Afghan Rulers Employed Left-Behind British Equipment to Locate Local Nationals Who Worked With Western Forces, Inquiry Hears

A whistleblower has disclosed the Afghan leak inquiry that British authorities left behind classified devices enabling Afghanistan's rulers to identify Afghans who worked with allied troops.

Information Leak Endangers Numerous at Risk

Person A, called Person A, explained that people concerned by the information breach were instructed to relocate and switch their phone numbers to avoid detection from militant forces.

Lawmakers are currently examining the Conservative government's management of a catastrophic leak of confidential data concerning nearly 19,000 Afghans who had applied to relocate to the United Kingdom to avoid the Taliban.
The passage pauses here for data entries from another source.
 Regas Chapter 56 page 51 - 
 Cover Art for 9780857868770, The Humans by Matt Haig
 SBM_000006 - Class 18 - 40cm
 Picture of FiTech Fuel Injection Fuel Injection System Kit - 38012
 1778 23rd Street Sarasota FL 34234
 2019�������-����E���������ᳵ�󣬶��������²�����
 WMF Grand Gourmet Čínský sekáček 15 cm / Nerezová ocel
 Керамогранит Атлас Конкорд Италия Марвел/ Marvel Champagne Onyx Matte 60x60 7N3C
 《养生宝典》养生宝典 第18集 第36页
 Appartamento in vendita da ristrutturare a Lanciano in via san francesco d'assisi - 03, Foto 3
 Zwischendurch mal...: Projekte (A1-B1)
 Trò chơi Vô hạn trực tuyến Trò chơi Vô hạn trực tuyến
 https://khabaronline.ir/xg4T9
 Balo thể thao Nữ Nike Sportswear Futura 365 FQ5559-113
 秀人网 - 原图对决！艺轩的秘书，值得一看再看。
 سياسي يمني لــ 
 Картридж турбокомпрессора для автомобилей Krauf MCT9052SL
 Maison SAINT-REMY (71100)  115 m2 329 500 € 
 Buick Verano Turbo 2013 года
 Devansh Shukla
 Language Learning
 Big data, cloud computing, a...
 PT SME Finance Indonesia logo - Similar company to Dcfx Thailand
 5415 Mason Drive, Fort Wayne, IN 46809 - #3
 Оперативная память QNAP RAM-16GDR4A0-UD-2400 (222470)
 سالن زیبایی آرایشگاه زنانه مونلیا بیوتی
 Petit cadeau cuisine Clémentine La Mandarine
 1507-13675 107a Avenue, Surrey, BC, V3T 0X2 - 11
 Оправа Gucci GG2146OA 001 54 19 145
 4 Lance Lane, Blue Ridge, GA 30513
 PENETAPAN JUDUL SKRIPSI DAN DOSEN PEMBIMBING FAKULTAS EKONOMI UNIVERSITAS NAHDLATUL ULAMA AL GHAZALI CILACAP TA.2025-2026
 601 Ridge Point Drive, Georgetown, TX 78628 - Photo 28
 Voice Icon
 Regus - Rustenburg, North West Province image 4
The Information Breach Was Discovered

A data file including private information, comprising identities, addresses and occasionally family information, was inadvertently disclosed by a staff member stationed at British military command in February 2022.

The incident came to light in late 2023, when details of several individuals who had requested to relocate to the UK surfaced on Facebook.

Taliban Capabilities

It appears there is a misunderstanding that Afghan rulers are without the same sort of facilities that western nations possess,” Person A informed lawmakers.

“We left it all behind in Afghanistan; they possess it. Once they acquire a contact number, they can trace your exact position. That's precisely what the unit did.”

When questioned about if militant forces possessed necessary encryption, Person A confirmed: “They possess all resources.”

Aftermath of the Data Breach

Preliminary research presented to the committee suggested that no fewer than forty-nine family members and colleagues of individuals impacted by the incident had been murdered.

A superinjunction regarding the incident was enacted in August 2023 and blocked any information concerning it from media reporting until July 2025.

Security Recommendations

Due to legal constraints, the source and the non-governmental organization associated with advised individuals at risk they were working with that they had “suspicions that somebody's phone had been breached”.

“We recommended that they relocate when possible and changed their contact details. Those were the two main details that, should militant forces obtained these details, would cause them being traced,” she said.

Contested Findings

The source contested that government assessment conducted by a retired civil servant had been mistaken to conclude that the possession of the information by the Taliban was “unlikely to substantially change present danger”.

“The crucial point is that affected people are not confronting the authorities; they live secretly. Everything boils down to past work history.”

She detailed terrible violence endured by at-risk Afghans, comprising electrocution, interrogation techniques, and severe beatings.

“We have had four-year-old children who have had limbs fractured to try to get households to disclose hiding places,” Person A stated.

Jaime Riley
Jaime Riley

A financial analyst with over a decade of experience in trading and market research, specializing in technical analysis and risk management.